Because, when you get right down to it, what we’re asked to do looks nothing like how the world works or is supposed to work. A friend of mine, with her church in Missouri raised money to pay off any kid’s lunch account that was past due and the money is caught up in red tape. Another group of people began feeding homeless people in parks in Detroit. Then the city council passed a law saying it was illegal to feed homeless and hungry people. So, this same group of people met in the same park and instead held a worship service and communion, well, they fed people during communion.

The red tape and city council remind us of our human tendency to want to regulate and control. This is why River of Hope has a purpose statement and guiding principles. They gently move us away from our tendencies and remind us of God’s call to love instead. It’s why we have them in front of us at our meetings, because we want each decision we make to be guided by the metric of love rather than regulation.

And this is something we have to be constantly reminded of. We must be re-taught our story and God’s story over and over again. We need to re-learn that this story is one of transformation and love, not of law-keeping and hash marks.

It’s why I invite you, week after week, into daily prayer and scripture reading. Because it’s so easy to forget. We forget all the time that the purpose of church, the purpose of following Jesus is to have our heart and lives changed. The Gospel, the Good News we find in Jesus Christ, breaks the law wide open and gives us freedom to love as Jesus has us love.
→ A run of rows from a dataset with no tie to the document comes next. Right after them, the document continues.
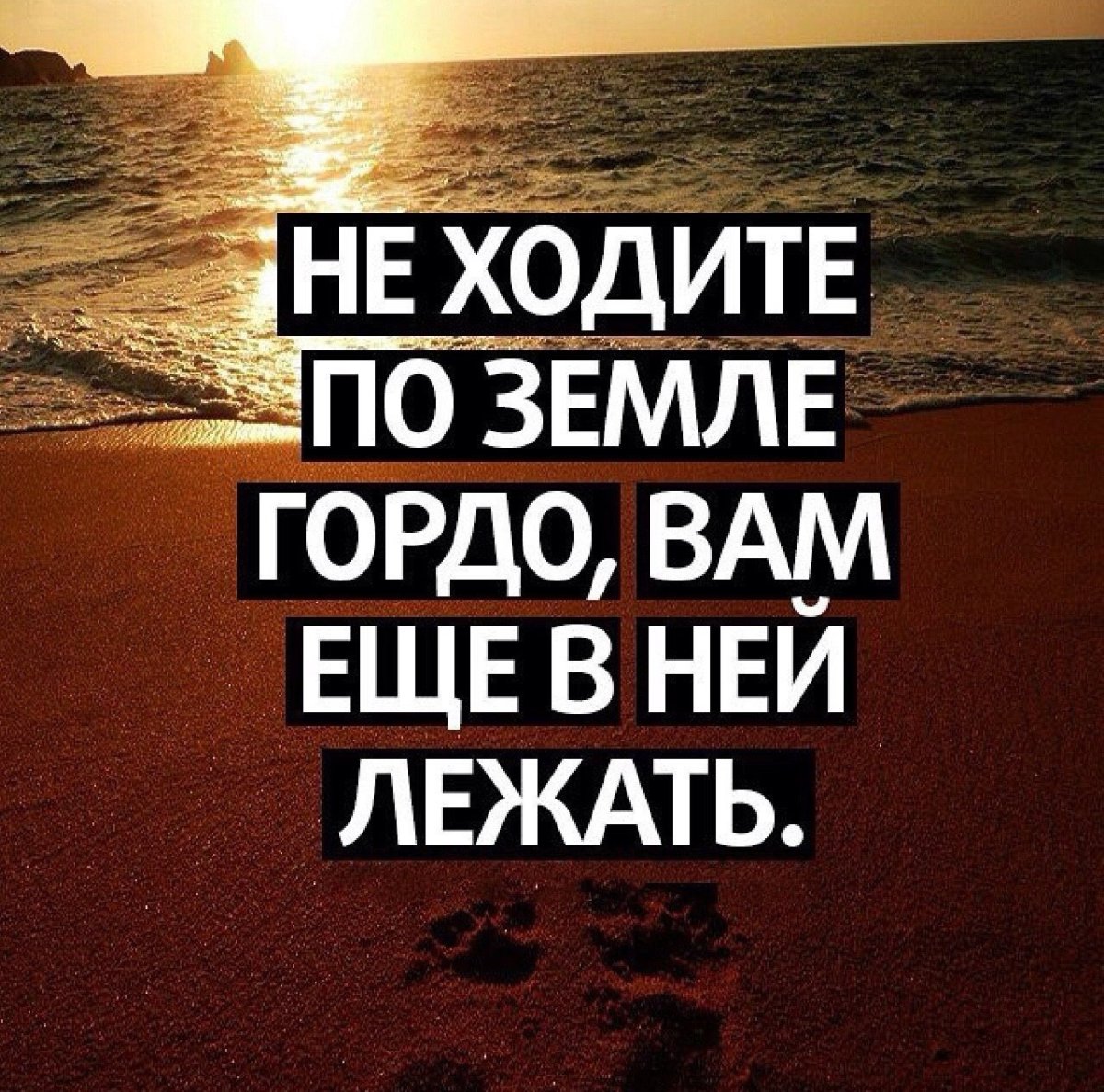 Мусульманские цитаты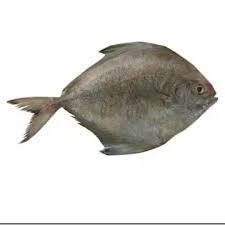Ikan Baung Laut
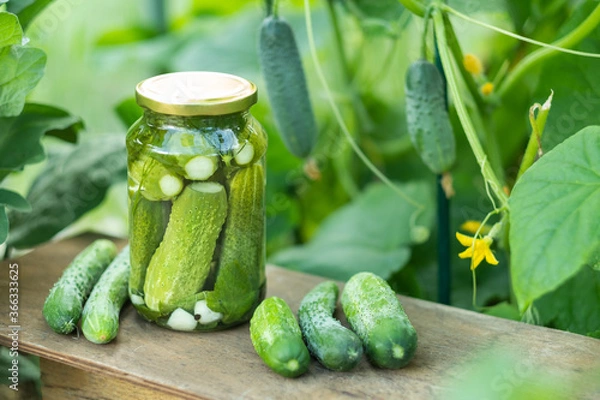 Fototapeta lightly salted cucumbers
Harvesting cucumbers for the winter in jars with dill and garlic. Fermented vegetables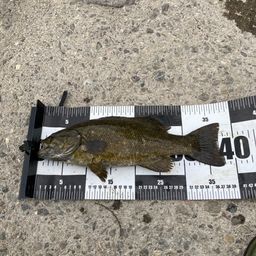 スモールマウスバス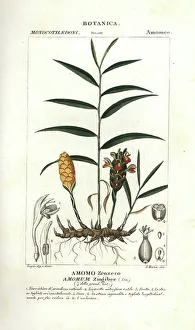 Stipple Prints: Ginger root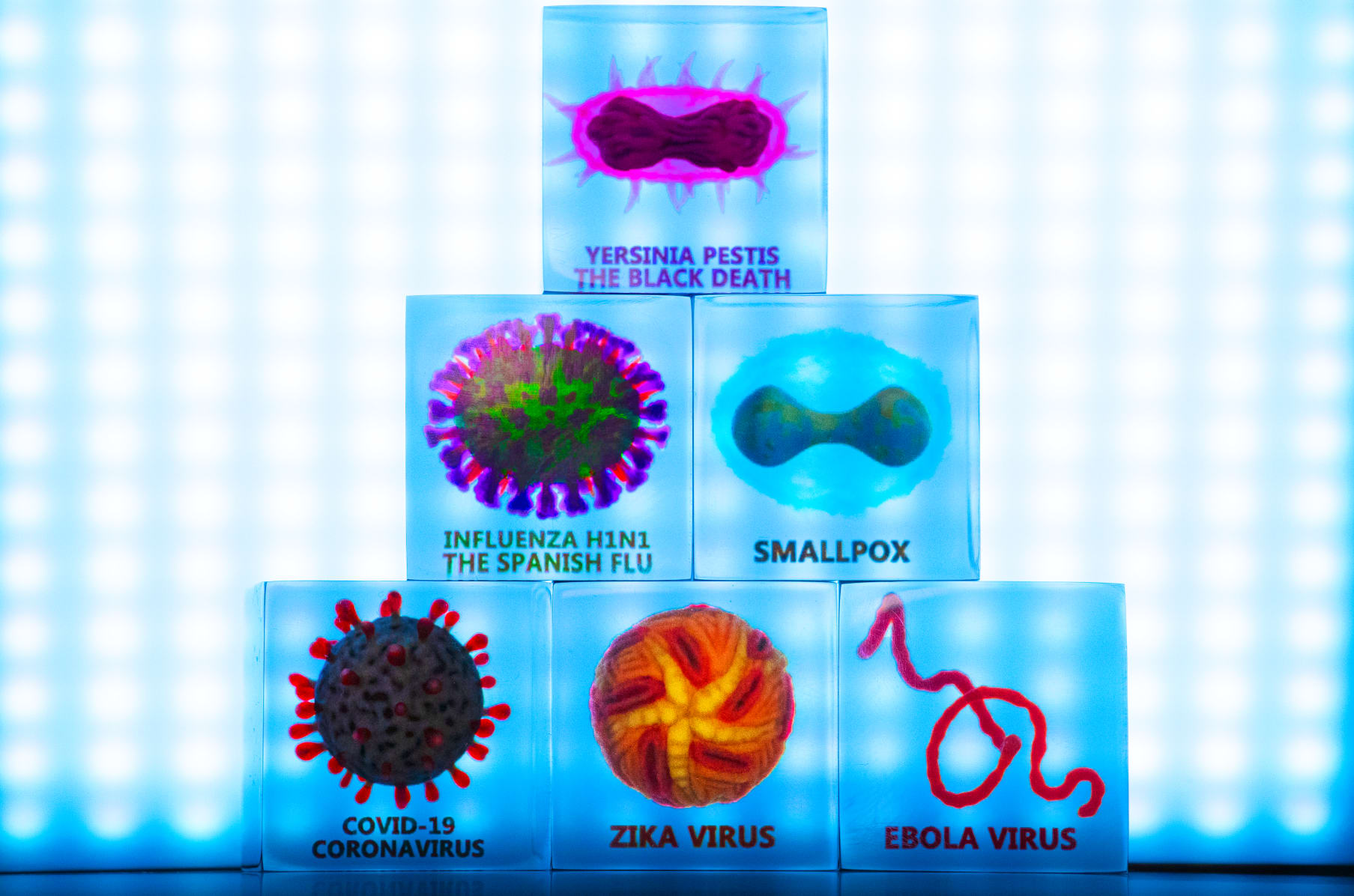 The Contagion Cubes | Indiegogo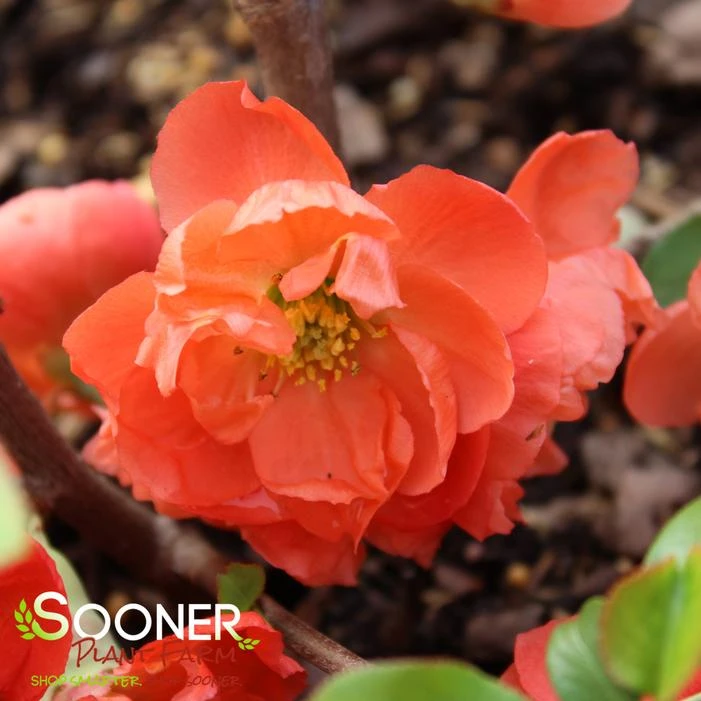O YASHIMA FLOWERING QUINCE 4 O YASHIMA FLOWERING QUINCE - Image 4
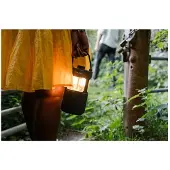 Pure Woodland Glow Bluetooth-høyttaler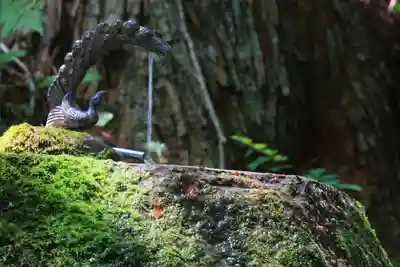 紀伊宮神社(福島県)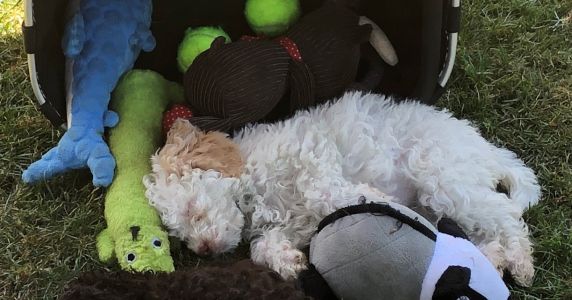 SHHH I'M SLEEPING<BR>JUDGE'S COMMENTS: "Fallen asleep mid playtime!"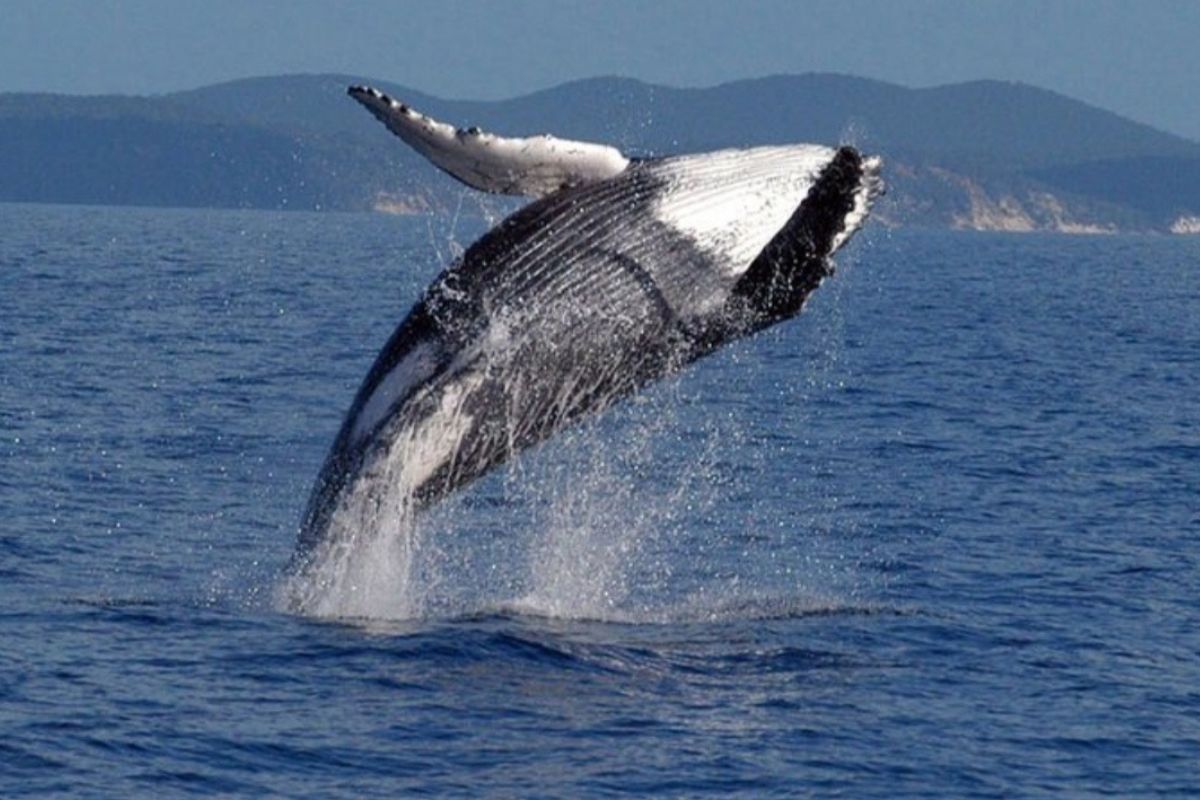 Especies marinas de los mares de República Dominicana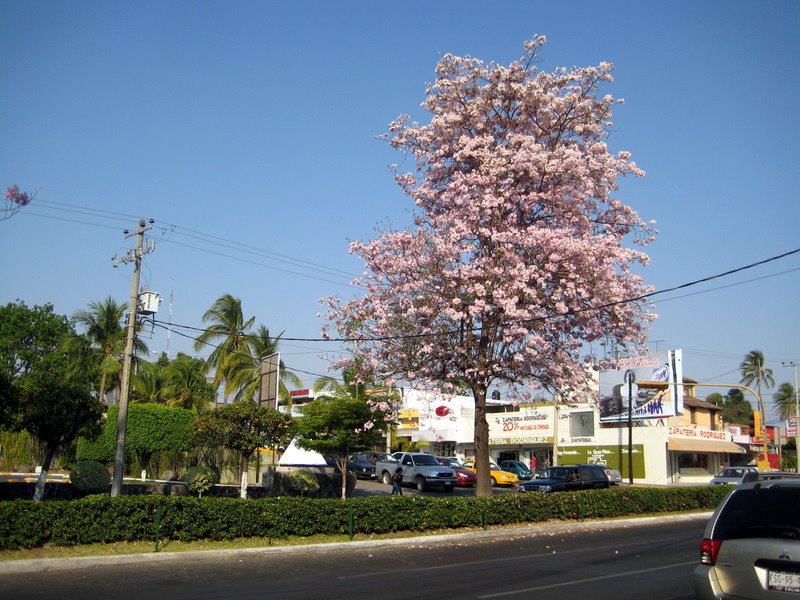 Rosa Morada // Frente a Plaza San Fernando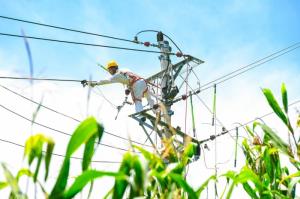 国家电网用电负荷连续三天创历史新高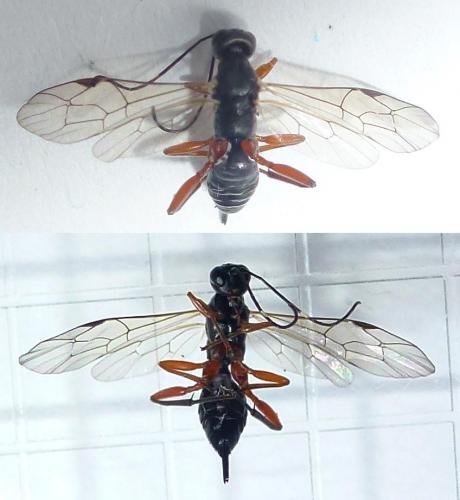 Helcostizus restaurator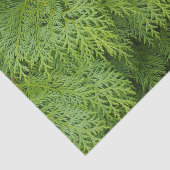 Papier Mousseline Cypress (Détail)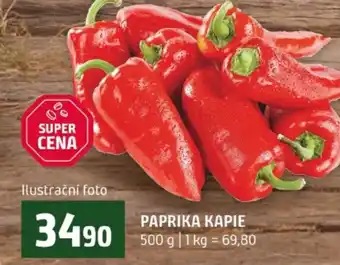 Terno Paprika kapie nabídka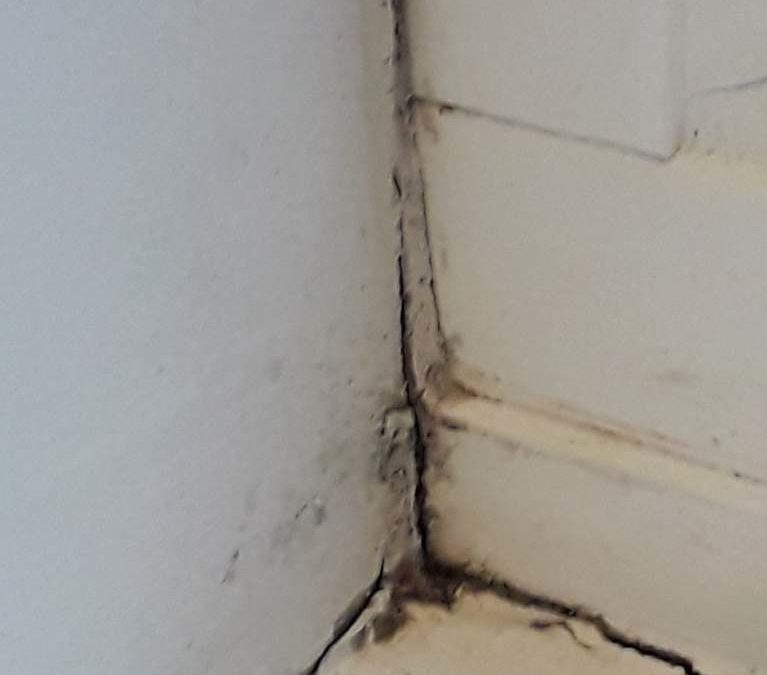 How To Tackle Mould In Your Home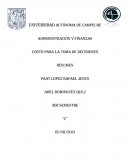 Administración y finanzas. Costo para la toma de decisiones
[Gottman slide] And why does God wish this for us… because Hurt people hurt people. But you know what? Free people free people. That’s what this is all about. It’s what the church is for. We are freed in Christ as children of God to freely show that love to others. The Gospel, the Good News of Jesus Christ breaks the law wide open and redefines the law as the law of love. A love that proclaims:

There is no longer Jew or Greek, there is no longer slave or free, there is no longer male and female; for all of you are one in Christ Jesus.